LE TECNOLOGIE URBANE IN MOSTRA A ROMA
Accanto a numerosi artisti contemporanei (più noti, meno noti e ignoti), troviamo alcuni classici della collezione permanente: Piranesi, de Chirico, Gentilini, Munari. La città, quindi, è anche luogo della memoria, una memoria che si attualizza plasticamente nella libera ideazione della sintesi artistica. A poca distanza dai classici, in un virtuale e rocambolesco colloquio, alcuni noti street artist e una rappresentanza di pittori senza fissa dimora. “Anche l’arte è un luogo” afferma Serenella Di Marco, “è uno spazio di condivisione, di aggregazione sociale, di creazione di contenuti e di nuovi, ipotetici punti di vista”. Veniamo attratti dalle installazioni del duo Nuvola Project (Gaia Riposati e Massimo Di Leo), la cui morfologia, gestalticamente ambigua, rimanda alla nuvola e/o all’organo cerebrale, al cloud digitale e/o alle connessioni neuronali. “Sono opere informatiche che stanno performando: è una performance in atto” ci spiega Gaia Riposati “Queste nuvole – ciascuna con la propria peculiare anima digitale – sono rilevatori di fenomeni, interagiscono con il suono variando la propria luminosità. Mettere in connessione il metaverso con l’universo è parte del nostro lavoro.”.
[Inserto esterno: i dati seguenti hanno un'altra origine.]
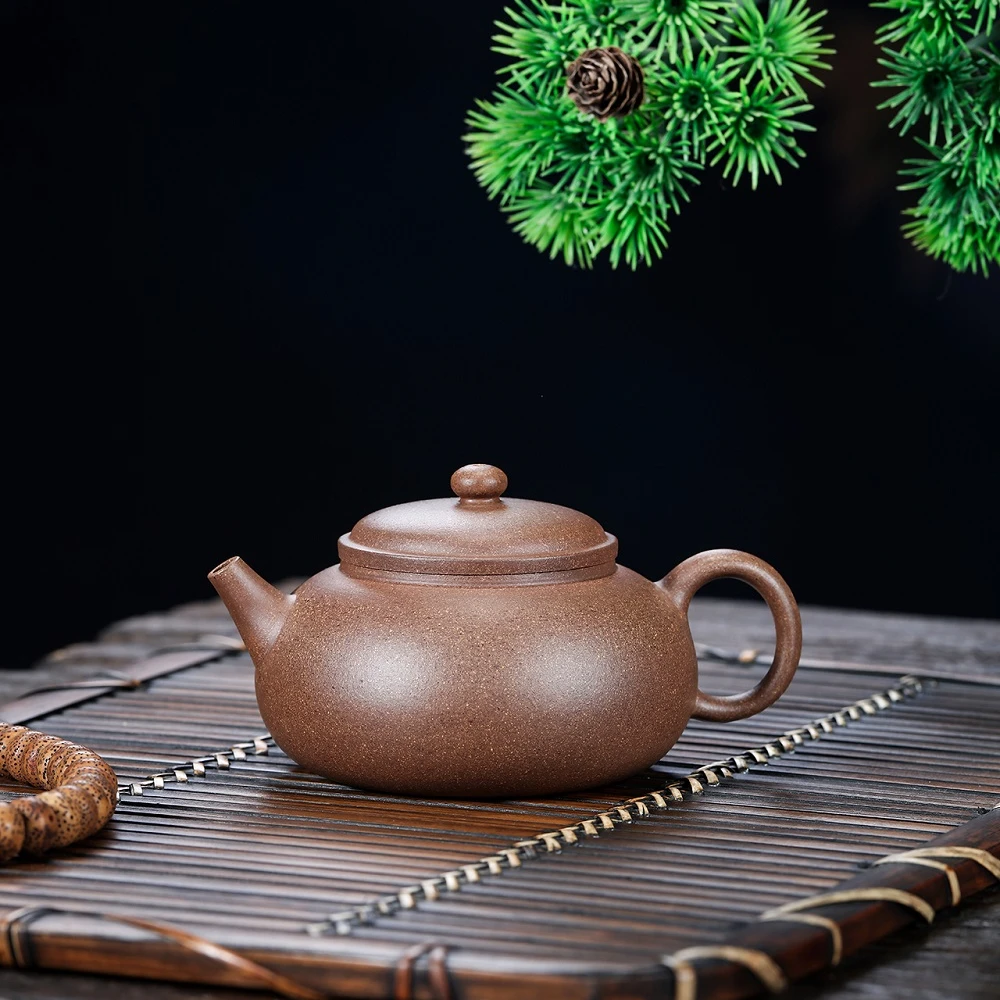 黄龙山原矿老段泥—秋月壶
GLI ARTISTI IN MOSTRA A PALAZZO MERULANA
Il riverbero acustico che si fa luce è un archetipo della memoria ancestrale: una suggestione, questa, che ci accompagna nel prosieguo del percorso espositivo. Eccoci di fronte ai codici segnaletici urbani di Antonia Ciampi, artista bolognese impegnata – con un’attenzione alla venatura ironica – nella ricerca plastica di un linguaggio universale e che dice la sua sul senso e sul significato del fare arte: “L’arte è uno strumento di comunicazione per emozionare e per stimolare il pensiero. Questo è da sempre stato il suo compito. L’arte è già concettuale con Giotto e Cimabue: a monte c’è sempre un pensiero del pittore”. Ci invita, poi, a toccare le sue creazioni realizzate su un supporto imbottito, morbido, docile al tocco delle dita. Così tra tattilismi e realtà virtuali si dipana questo singolare, inconsueto itinerario artistico escogitato da due intraprendenti curatori. E ancora una volta l’arte rivela la sua intima, profonda natura di tessuto connettivo della realtà.